Because the semiconductor plasma sensor manufactured by 3D printing and laser cutting process requires a dust-free environment, the semiconductor plasma sensor is expensive and takes several weeks to manufacture. By contrast, the newly developed plasma sensor at MIT takes only a few days to make and costs dozens of dollars.
Because of its low cost and fast production speed, this new type of sensor is an ideal choice for cube satellite, which is low in cost, low in power and light in weight, and is often used for communication and environmental monitoring in the upper atmosphere of the earth.
The research team used glass-ceramic materials that are more flexible than traditional sensor materials such as silicon and thin-film coatings to develop new plasma sensors that can withstand the huge temperature fluctuations that spacecraft may encounter in low-Earth orbit by using glass-ceramics in the plastic 3D printing process.
Luis Fernando Verasquez-Garcia (Luis Fernando Velasquez-Garcia), senior author of the study and chief scientist at the Microsystems Technology Laboratory (MTL) at the Massachusetts Institute of Technology, said: "augmented manufacturing will have a significant impact on future space hardware. Some people think that when 3D prints some objects, it must be recognized as having lower performance, but we have now proved that this is not always the case." At present, the latest research report is published in the recently published Journal of enhanced Manufacturing.
Multi-function sensor plasma sensor was first used in space missions in 1959. It can detect the energy of ions or charged particles floating in plasma, which is a mixture of superheated molecules in the upper atmosphere of the earth. On orbiting spacecraft such as CubeSat, plasma sensors can measure energy changes and conduct chemical analysis to help scientists predict weather or monitor climate change.
The sensor consists of a series of charged grids covered with holes, and when the plasma passes through the hole, electrons and other particles will be stripped off until only ions are left, and when these ions generate current, the sensor will measure and analyze them.
The key to the successful application of plasma sensor is to align the porous structure of the grid, which must have electrical insulation and be able to withstand sharp fluctuations in temperature. The researchers use a 3D printable glass ceramic material-Vitrolite, which meets the above characteristics. It is reported that Vitrolite material first appeared in the early 20th century, is often used in color tile design, and has become the most common material in decorative art architecture.

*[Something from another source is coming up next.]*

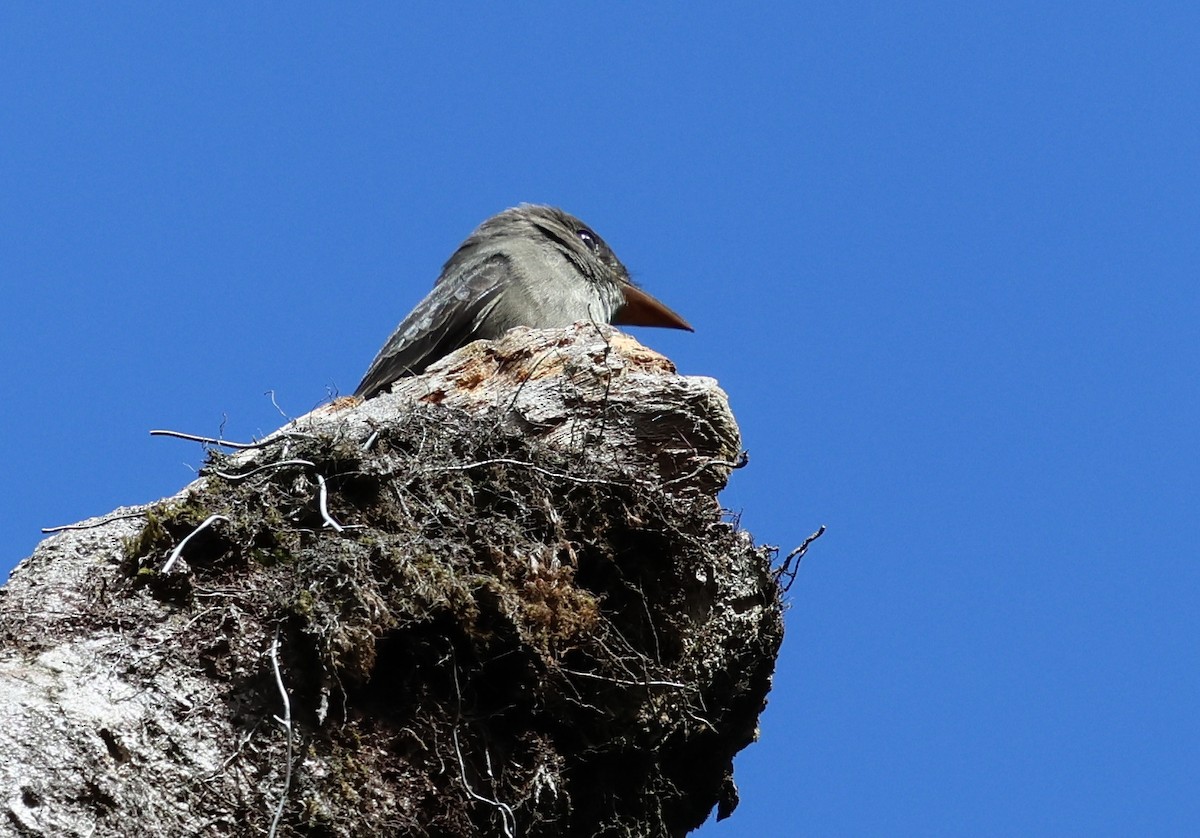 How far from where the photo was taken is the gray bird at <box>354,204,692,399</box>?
28.5 ft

Durable Vitrolite materials can withstand temperatures up to 800C without decomposing, while polymers in integrated circuit plasma sensors begin to melt at 400C. "when workers build such sensors in a clean room, they don't have the same degree of freedom to define materials and structures and how they interact, but this could lead to the latest developments in incremental manufacturing," Garcia said. "
Re-recognize the 3D printing process of plasma sensor ceramic materials 3D printing process usually involves laser bombardment of ceramic powder, making it into a variety of shapes and structures, however, due to the high heat released by laser, the manufacturing process often makes the material rough and produce defects.

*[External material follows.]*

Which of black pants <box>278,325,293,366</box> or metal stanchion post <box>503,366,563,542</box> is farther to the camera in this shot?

However, MIT scientists used reductive polymer polymerization in the manufacturing process, a process introduced decades ago using polymers or resins for augmentation. In reductive polymerization, the material is repeatedly immersed in a reduction cylinder containing Vitrolite liquid material, which forms a three-dimensional structure at a time. After each layer of structure is formed, the material is solidified with ultraviolet light. Each layer is only 100 microns thick (equivalent to the diameter of human hair) and will eventually be repeatedly immersed in Vitrolite liquid material to form a smooth, non-porous and complex ceramic structure.
In the digital manufacturing process, the manufacturing object described in the design document may be very complex. this high-precision design requires researchers to use a laser cutting grid with a unique structure, which is installed in the shell of the plasma sensor after printing. the small hole structure can be arranged perfectly to make more ions pass through it, so as to obtain more accurate measurement data.

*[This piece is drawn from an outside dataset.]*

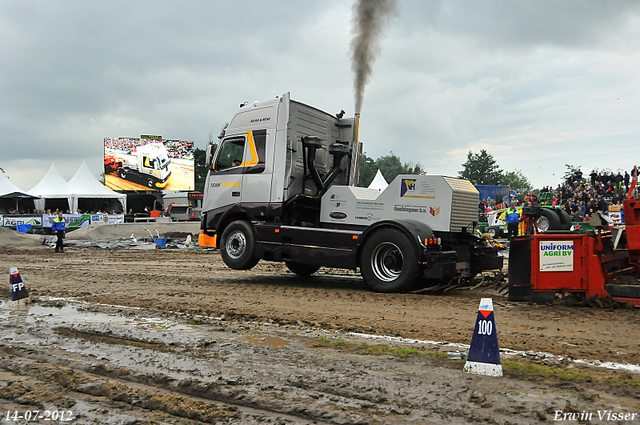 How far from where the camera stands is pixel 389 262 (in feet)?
29.2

Because of the low production cost and fast production speed, the research team made four unique design prototypes. One of the design prototypes is particularly effective in capturing and measuring a wide range of plasmas, especially for satellite orbital survey plasmas, and the other is very suitable for measuring plasmas with extremely high density and very low temperature. this is usually only used for ultra-precision semiconductor devices.
This high-precision design allows 3D printing sensors to be used in fusion energy research or supersonic flight, and Garcia added that this fast 3D printing process could even lead to more innovations in satellite and spacecraft design.
"if you want to keep innovating, you have to face failure and take risks," Garcia said. "adding materials is another way to build space equipment, and we can build space devices, and even if the process fails, it doesn't matter. Because we can still make a new version quickly and cheaply and iteratively update the design. This is an ideal sandbox effect for researchers. "
It is reported that although Garcia is satisfied with the newly designed plasma sensor, he hopes to continue to improve the manufacturing process in the future, reducing the layer thickness or pixel size in the glass-ceramic cylinder polymerization process, thus creating more accurate complex devices. In addition, full overlay manufacturing processes can make them increasingly compatible with space manufacturing, and he hopes to explore the use of artificial intelligence to continuously optimize sensor design to adapt to specific application scenarios, such as significantly reducing the weight of sensors while ensuring structural stability.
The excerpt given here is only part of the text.